If you like the language of set theory, what's wrong with replacing "A ⊆ X" with "A : SubsetOf X" where SubsetOf X = X → Prop? This is what Lean does: https://leanprover-community.github.io/mathlib_docs/group_th...

> there were multiple equivalent ways of e.g. defining what is a group and/or subgroup

Don't you have that problem in any foundation?

> Moreover, the fact that Coq includes several different types of "truth"

You probably know this already, but you can collapse Prop to Bool by adding some classical axioms.

> My sole argument was that you can't currently take any mathematician not particularly interested in logic or proof theory, especially not an undergraduate student, and expect them to encode simple proofs that they understand in Coq without a lot of assistance.

True, but I don't think that's a goal of the Coq developers right now.
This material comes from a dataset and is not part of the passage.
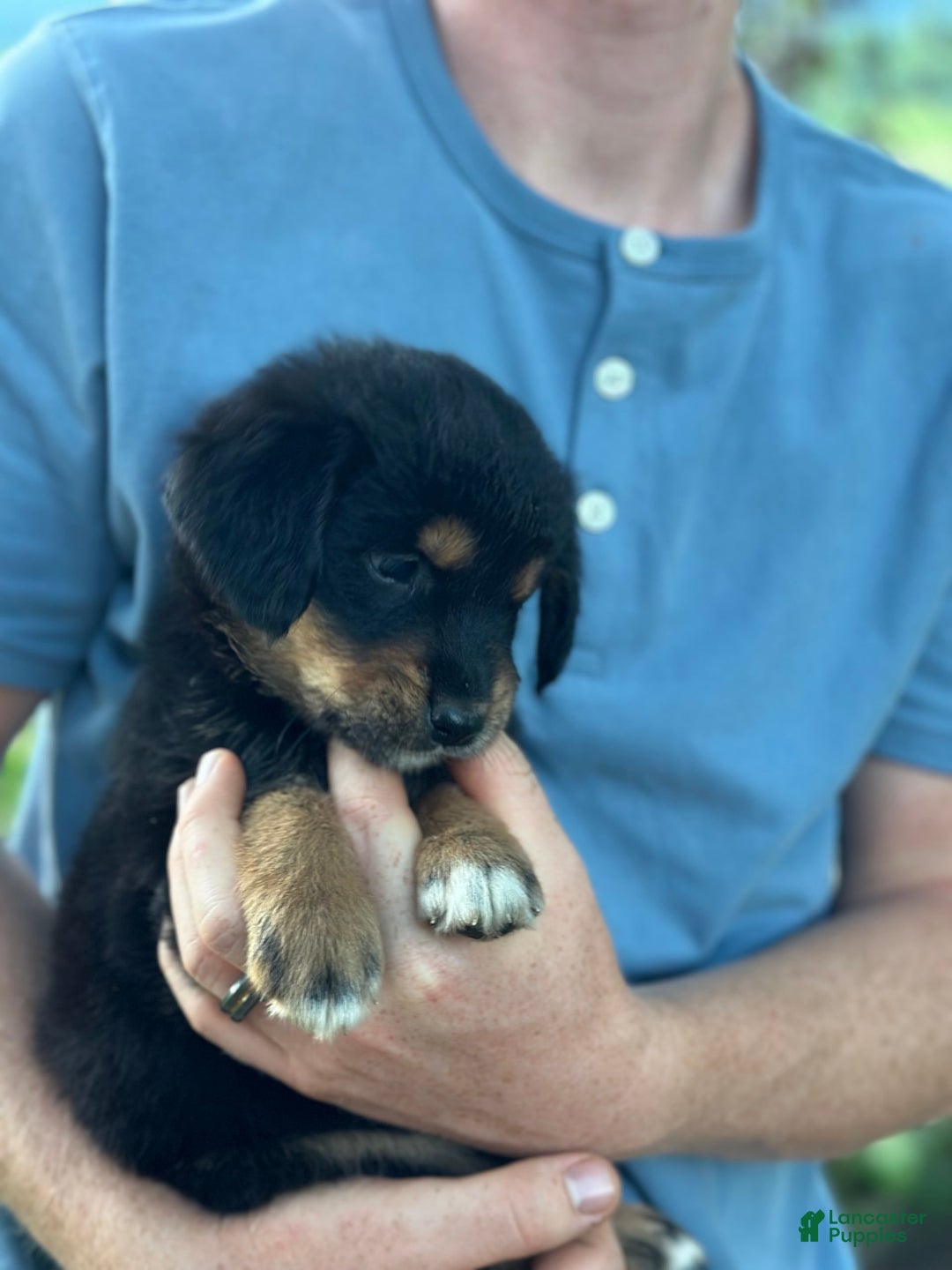 Golden Retriever dogs for sale: Female 3 - Image 1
I feel like Lean is the only project trying to make formal proofs of classical mathematics accessible to an undergraduate student.

[andrepd]

> My sole argument was that you can't currently take any mathematician not particularly interested in logic or proof theory, especially not an undergraduate student, and expect them to encode simple proofs that they understand in Coq without a lot of assistance.

Oh but absolutely, I agree 100%. I consider it the "holy grail" of interactive proof assistants: an assistant that understands mathematics as written by humans in papers, plus is capable of filling in intuitively trivial/boring steps. In other words: an assistant that is usable by someone with training in mathematics but not necessarily requiring training in the tool itself.